Precipitation: Gold goes and comes

 DRAWING BY DEBORAH DERR MCCLINTOCK

Q. You're a Danish Nobel prize-winning nuclear physicist fleeing the Nazis. You must leave behind your own gold medal and that of a Nobel-winning German friend who left his with you for safekeeping. So, where to hide them? ­R. Stiltskin

A. As German troops marched through the streets of Copenhagen, Niels Bohr dissolved the 8-ounce medals in nitric and hydrochloric acids, one of the few mixtures that will dissolve gold, then after the war precipitated the gold out and had the medals recast, says Sharon McGrayne in 365 Surprising Scientific Facts, Breakthroughs and Discoveries.

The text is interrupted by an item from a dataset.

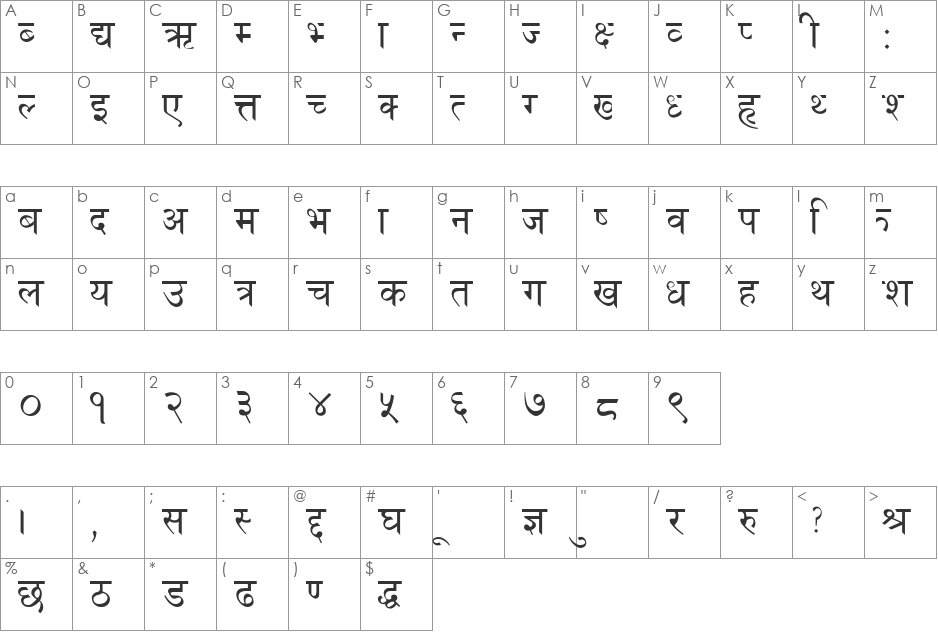 FONTASY_HIMALI_TT font character map preview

Q. How much do you weigh on a roller coaster? How about your terrified brain? ­W. Disney

A. You'll gain apparent "weight" fast at the bottom of a dip after a long hill or while taking an inside loop, pulling anywhere from 3 to 7g's, meaning your 3-pound brain will skyrocket to maybe 20 brain-pounds briefly, says Doug Davis, physicist at Eastern Illinois University.

It better be brief, because these numbers skirt at the edge, where dizziness and blackout are not out of the question. Needless to say, coaster designers try to tease the g's well shy of this.

These are largely downward forces on the brain; the opposite can occur in an outside loop or careening over a hillcrest, where you'll catch "negative g's"– net forces upward. Now the brain is jammed upward against the skull, and fewer g's can be tolerated in this direction.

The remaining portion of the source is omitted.